Tgr changed Security from none to None.
Tgr subscribed.

window.onload should not have been be used (that waits for images to download, iframes to load etc.). At dom-ready all the information you should need is available. Trivial switch to make in the event binding of the initialisation code.

To get a better response out of the page, ensure the initialisation code is dependency free and small in size, and then load it from the position => top queue. This queue blocks the browser from beginning to parse the HTML body while the script downloads and executes synchronously. This position can be used to do quick checking against the Location object or browser environment. Bsed on that, asynchronously enqueue loading of the main code (similar to what the current onload handler does I imagine).

Sorry, I got that wrong, we do use domready. The problem is that by that point the browser has queued all thumbnails on the page, and anything else MediaViewer tries to load is queued after them. On something like an image category page that's several seconds of delay (tens of seconds on a slower connection).

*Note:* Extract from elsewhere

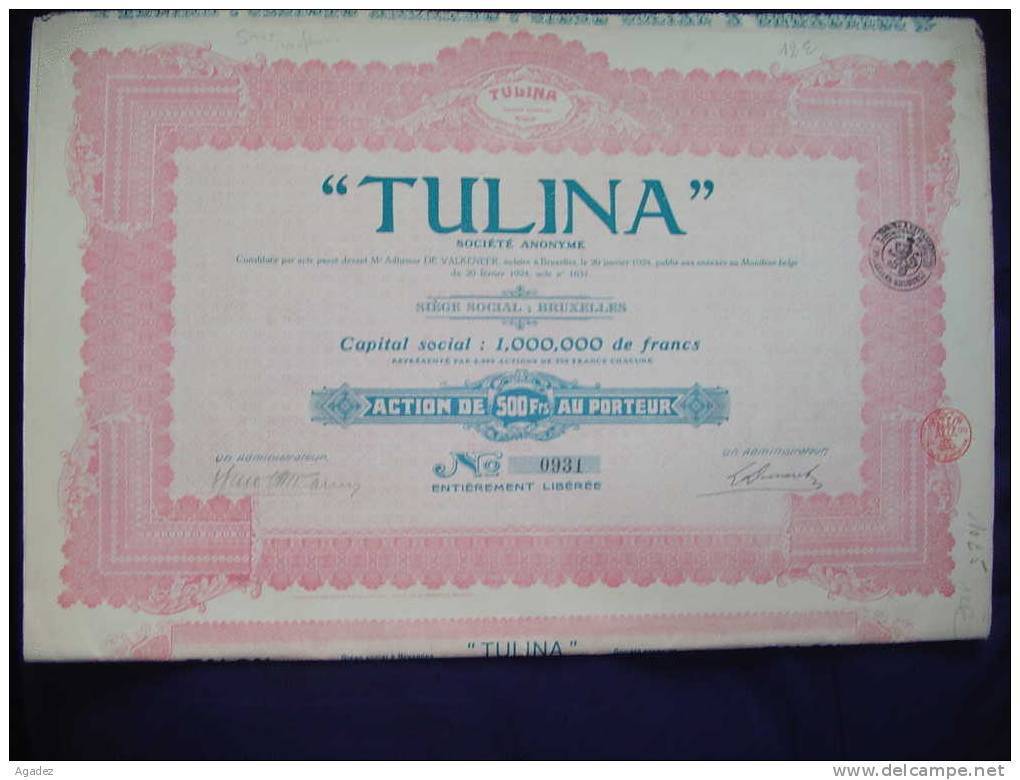 Action"Tulina"( Savon Parfum )Bruxelles 1924. - Parfums & Beauté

The current default behavior is loading a small initalization script at the top (which is mostly about delaying the handling of image clicks until the handler has loaded), loading a larger initialization script at the bottom, and loading the rest of the code on demand (click, long hover over an image, hash change). This works well in the general case and has very little overhead, but when the user visits, say, [[Main_Page#mediaviewer/File:View_of_the_Fort_of_the_Natchez.jpg]], then waiting for the page to load before fully loading MediaViewer is exactly the wrong strategy, since the user is primarily interested in the lightbox view of [[File:View_of_the_Fort_of_the_Natchez.jpg]] and not in the main page; whatever is needed to display that view should be loaded before the page itself loads. So I think top-loading everything, which is generally a very bad practice, would be justified in that specific case.

Gilles subscribed.

Mass-removing the Multimedia tag from MediaViewer tasks, as this is now being worked on by the Reading department, not Editing's Multimedia team.